__INPUT__:
⁂
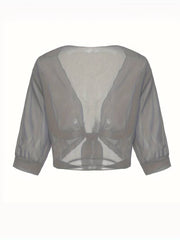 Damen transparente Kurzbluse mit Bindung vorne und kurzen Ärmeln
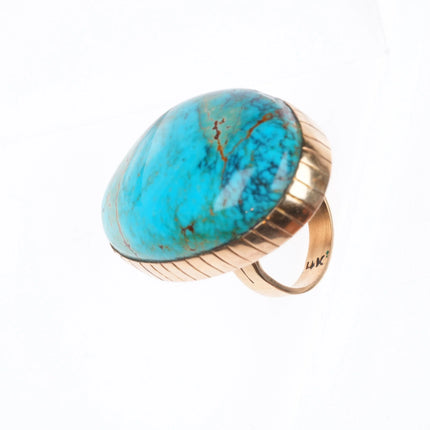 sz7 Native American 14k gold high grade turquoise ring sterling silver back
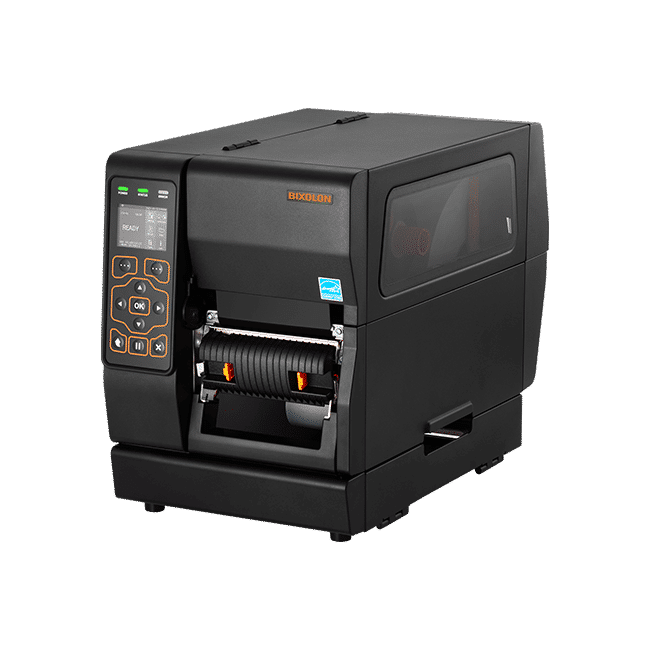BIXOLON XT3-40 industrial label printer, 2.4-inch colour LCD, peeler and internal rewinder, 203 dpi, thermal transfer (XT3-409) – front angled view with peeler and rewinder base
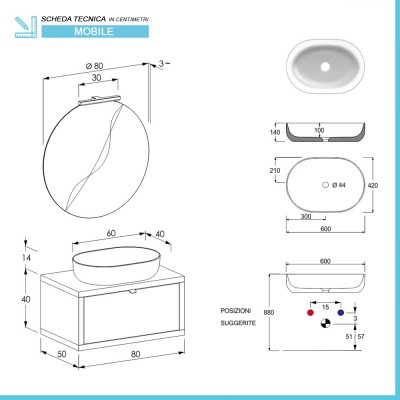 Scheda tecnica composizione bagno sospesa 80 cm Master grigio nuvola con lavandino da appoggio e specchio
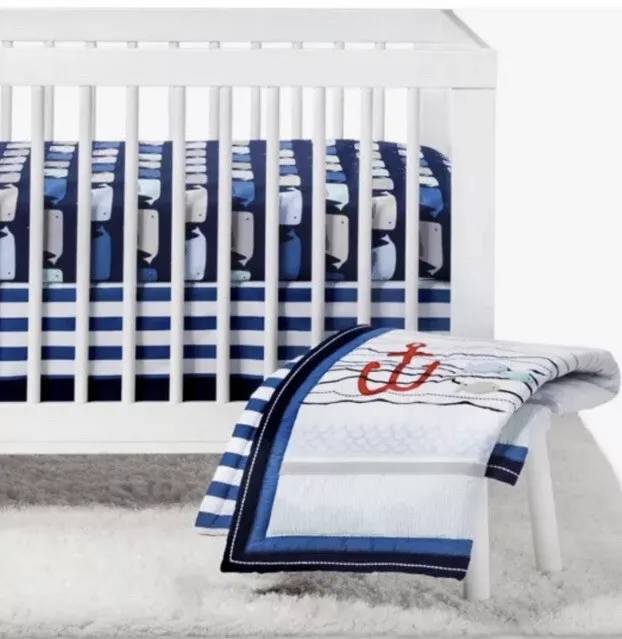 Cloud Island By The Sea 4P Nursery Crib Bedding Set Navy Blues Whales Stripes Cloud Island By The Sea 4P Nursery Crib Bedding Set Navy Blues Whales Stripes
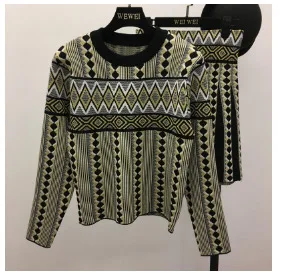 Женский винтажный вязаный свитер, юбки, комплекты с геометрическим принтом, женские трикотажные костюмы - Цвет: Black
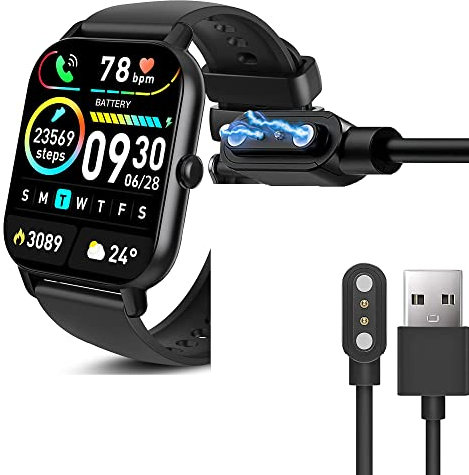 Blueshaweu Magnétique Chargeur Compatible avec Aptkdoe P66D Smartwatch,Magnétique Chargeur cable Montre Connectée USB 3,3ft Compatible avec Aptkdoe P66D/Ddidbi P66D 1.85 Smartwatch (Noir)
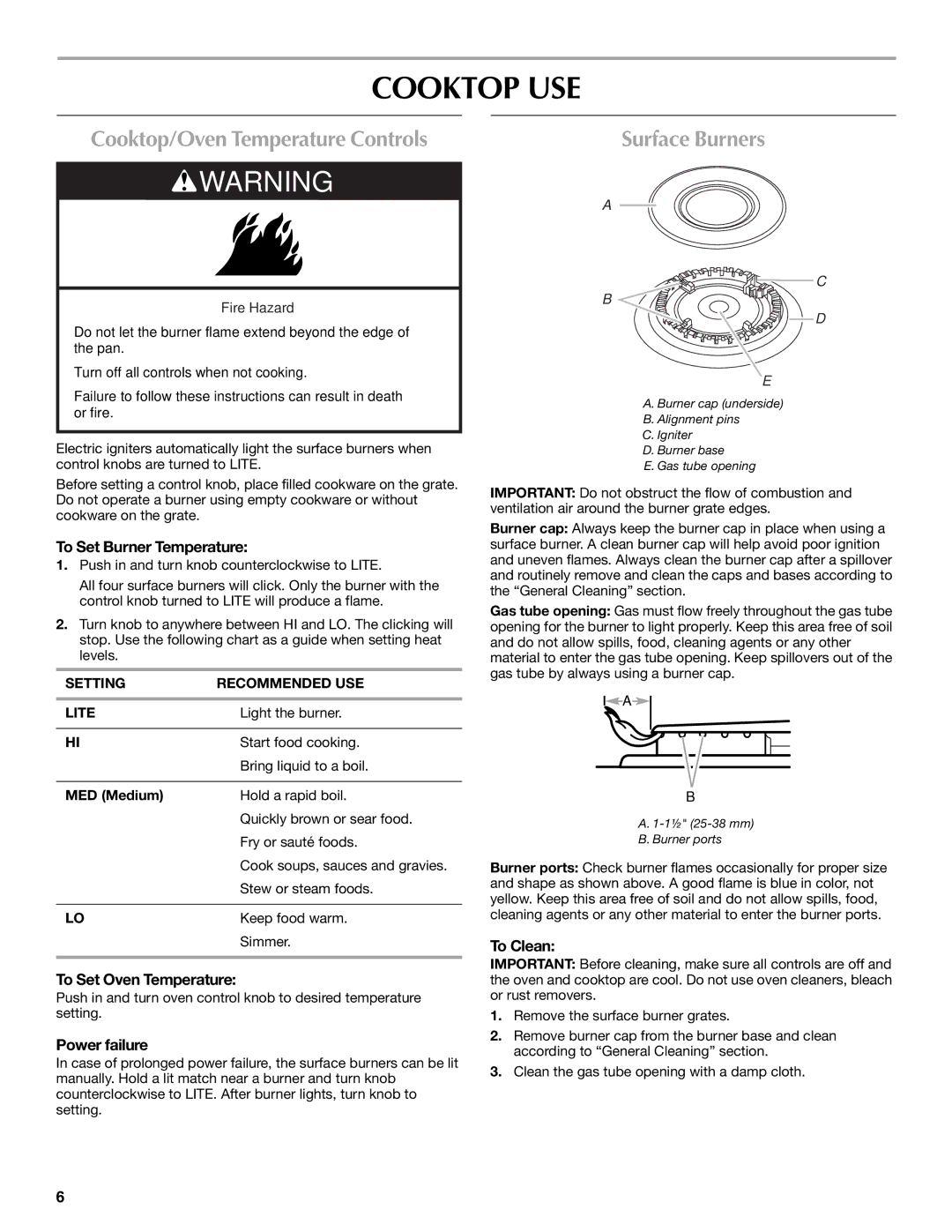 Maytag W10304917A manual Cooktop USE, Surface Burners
⁂
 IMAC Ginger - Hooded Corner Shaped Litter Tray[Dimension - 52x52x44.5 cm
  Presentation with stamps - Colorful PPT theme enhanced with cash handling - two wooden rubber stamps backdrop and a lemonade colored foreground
⁂
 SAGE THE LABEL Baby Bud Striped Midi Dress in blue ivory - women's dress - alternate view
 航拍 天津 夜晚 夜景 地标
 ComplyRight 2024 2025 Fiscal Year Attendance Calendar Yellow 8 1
⁂
__WHAT IS BEING ASKED__: Copy out exactly the lines above beginning with the line that contains "Whales Stripes Cloud" and finishing with the line that contains "Maytag W10304917A manual", including both; leave the pictures out.

__OUTPUT FOR THIS EXERCISE__:
 Cloud Island By The Sea 4P Nursery Crib Bedding Set Navy Blues Whales Stripes Cloud Island By The Sea 4P Nursery Crib Bedding Set Navy Blues Whales Stripes
 Женский винтажный вязаный свитер, юбки, комплекты с геометрическим принтом, женские трикотажные костюмы - Цвет: Black
 Blueshaweu Magnétique Chargeur Compatible avec Aptkdoe P66D Smartwatch,Magnétique Chargeur cable Montre Connectée USB 3,3ft Compatible avec Aptkdoe P66D/Ddidbi P66D 1.85 Smartwatch (Noir)
 Maytag W10304917A manual Cooktop USE, Surface Burners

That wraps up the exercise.